Au cœur des premières éditions du FSM, la lutte pour libérer les pays du Sud du carcan de la Dette avait pourtant rencontré d'importants succès. La mise en œuvre d'un plan international d'aide aux pays les plus pauvres très endettés (PPTE
Pays pauvres très endettés) avait été saluée comme un effet palpable de la mobilisation altermondialiste. Excès d'optimisme ?
« En tout cas la plupart de ces pays se retrouvent à nouveau endettés », remarque Camille Chalmers, de la Plateforme haïtienne de plaidoyer pour un développement alternatif (PAPDA). Pour lui, l'initiative PPTE constituait « une fausse solution, car elle n'a jamais remis en question les causes et les mécanismes de l'endettement ».

Démystifier la dette

En attendant de revoir de fond en comble les relations économiques internationales, l'Haïtien invite à « démystifier la dette ». D'abord dans sa fausse dimension contractuelle : lors d'un emprunt, il y a toujours un contractant contraint et un autre libre. « Dans le cas de nos pays, il y en a souvent un qui a le pistolet sur la tempe ! » D'où l'illégalité de nombreuses conditions mises dans les clauses contractuelles.
M. Chalmers met aussi l'accent sur « la dimension de classe de la dette ». Puisque la plupart des pays fortement endettés le sont pour cause de faiblesse fiscale, le remboursement repose principalement sur les salariés, tandis que les classes favorisées peuvent placer leur argent au Nord, et même participer à ces prêts.
Décidés à sortir de cette spirale, plusieurs pays d'Amérique latine avaient rompu avec le consensus néolibéral au cours des années 2000. Avec des budgets devenus bénéficiaires grâce aux hausses des revenus fiscaux provenant des exportations de matières premières, ils avaient pu rembourser une part de leurs créances et quitté le système de Bretton Woods, misant sur l'autofinancement ou le prêt bilatéral librement consenti.
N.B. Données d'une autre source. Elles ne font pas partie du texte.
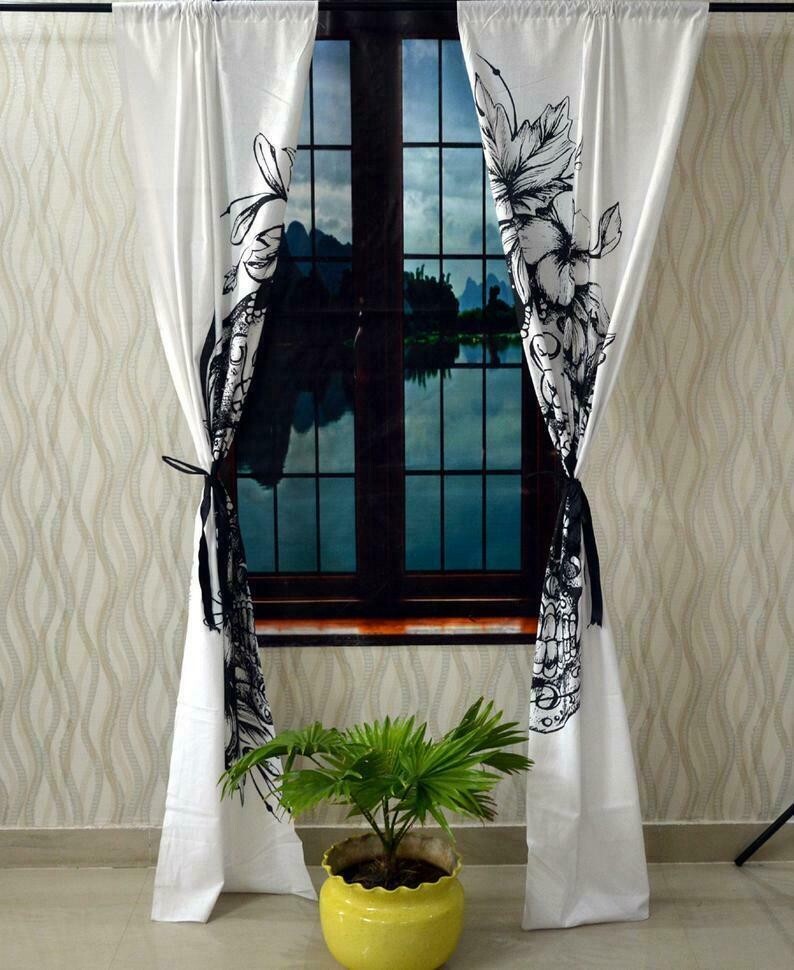 Indian Mandala Flower Skull Boho Hippie Wall Drapes Bohemian Door Window Curtain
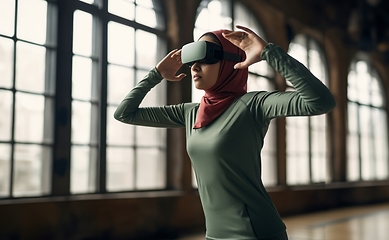 Image showing In a spiritual setting, a modern woman in a hijab explores the mosque's depth using virtual reality glasses, blending tradition with technology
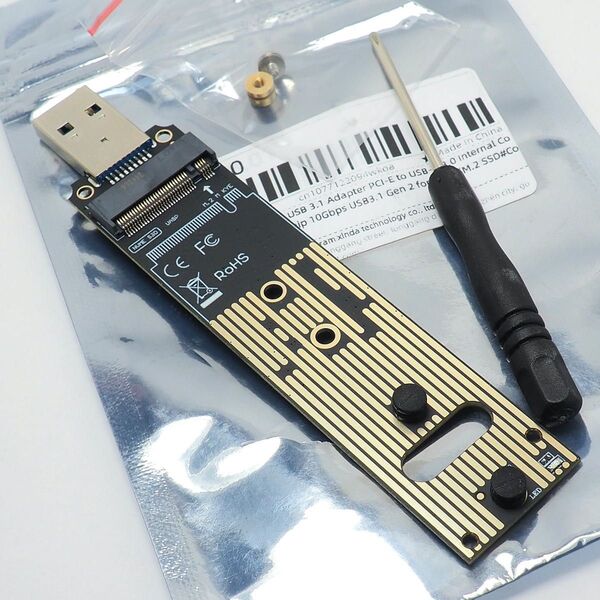 外付けSSD用 変換アダプター NVMe M.2 SSD→USB3.1 直挿し基板タイプ ケーブル不要 ケースなし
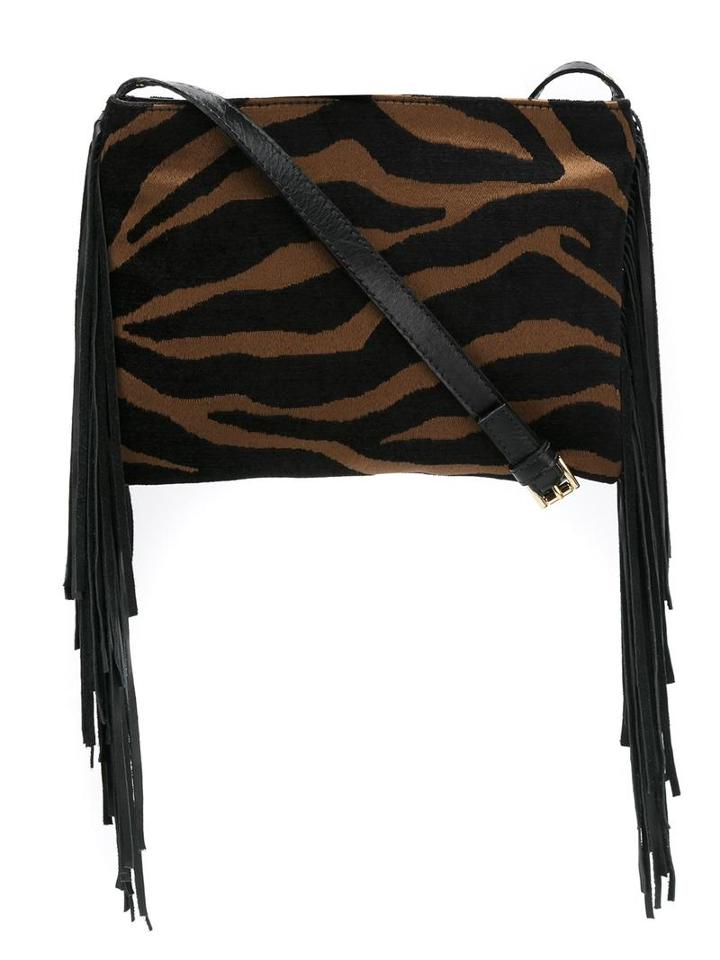 Xaa Printed Shoulder Bag, Women's, Brown, Cotton/leather/metallized Polyester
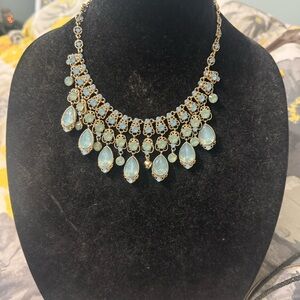 Natasha Couture Gold Tone Aqua Teardrop Bib Necklace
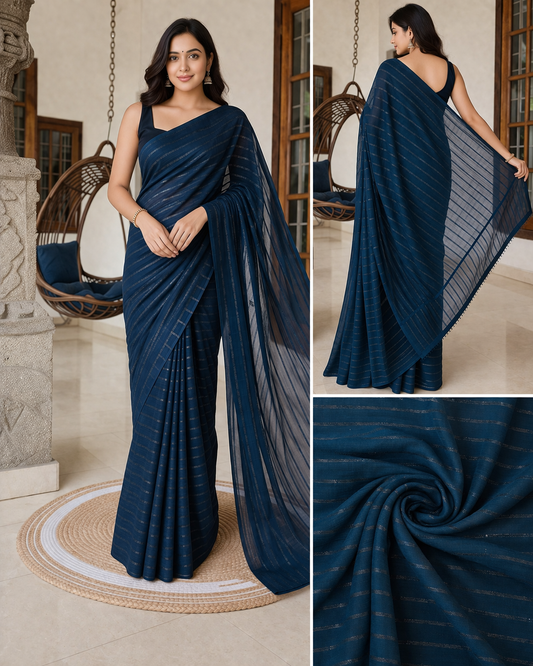 Navy Blue Striped Sheer Saree Fabric Set | Unstitched Elegant Zari Line Saree Material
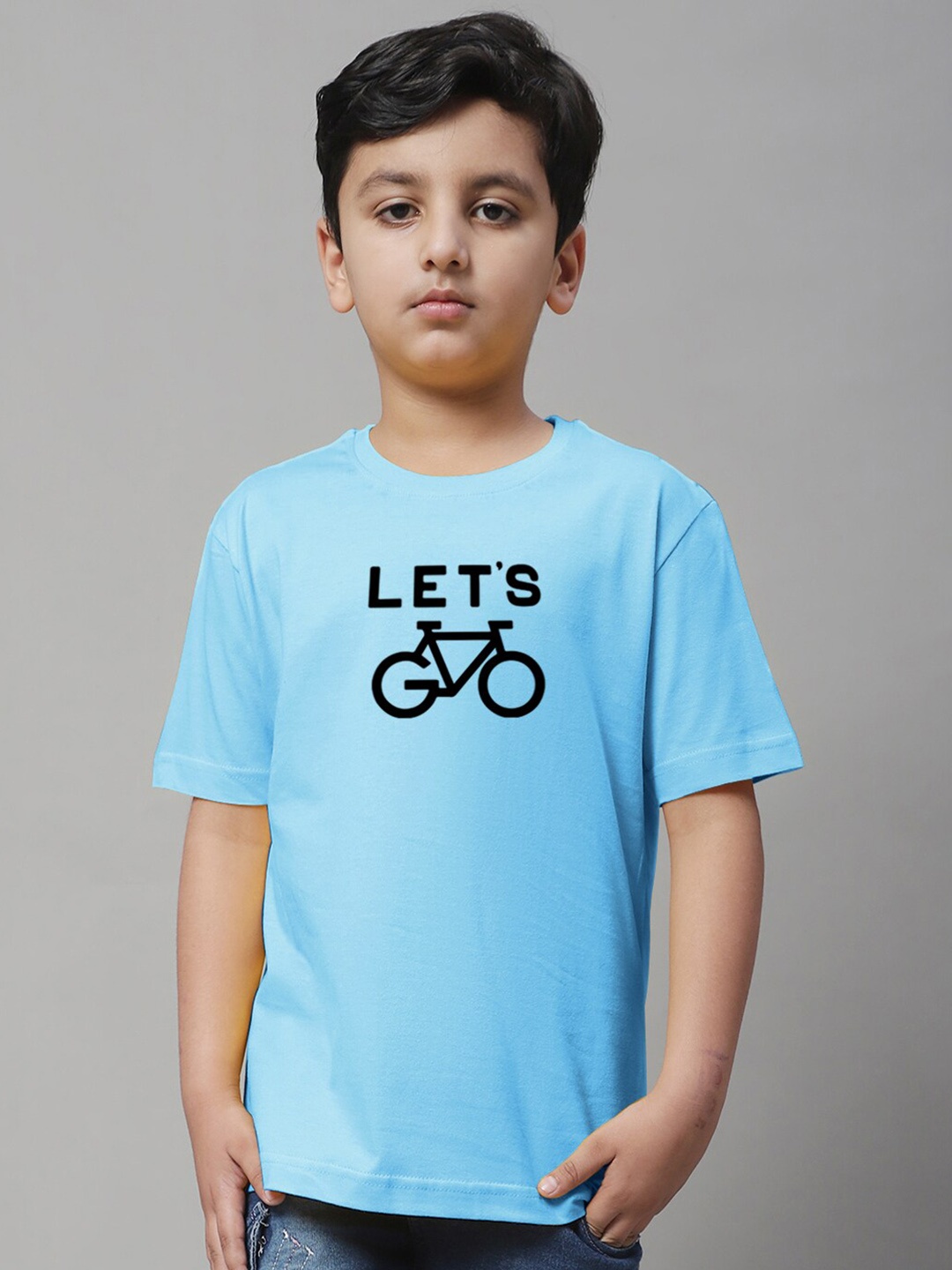 Friskers Boys Typography Printed Pure Cotton T-shirt, Turquoise blue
La Banque du Sud, l'Alliance bolivarienne (ALBA) et d'autres institutions communes devaient parachever cette stratégie de développement régional, autonome des intérêts du capital occidental.
Une décennie plus tard, il a suffi d'une conjoncture défavorable pour mettre ces Etats en difficulté, certains devant quémander des prêts à la Chine, voire aux institutions de Bretton Woods, à l'instar de l'Equateur à nouveau en contact avec la Banque mondiale
BM. Constat d'échec ? En partie seulement, selon Pablo Solon, qui estime la position des pays latino-américains plus solide qu'il y a quinze ans. « Nous avons pu renforcer notre position face aux transnationales et obtenons une part plus importante des revenus créés chez nous », décrit le Bolivien. Mais l'ancien ministre du Commerce reconnaît que l'Amérique latine demeure très dépendante du marché mondial, notamment à cause de ­l'échec de la Banque du Sud. Surtout, « nous n'avons pas su modifier notre matrice économique extractiviste et diversifier notre production quand nous étions en bonne posture, nous n'avons pas suffisamment pensé au moyen terme », regrette l'actuel directeur de l'ONG Focus on the Global South.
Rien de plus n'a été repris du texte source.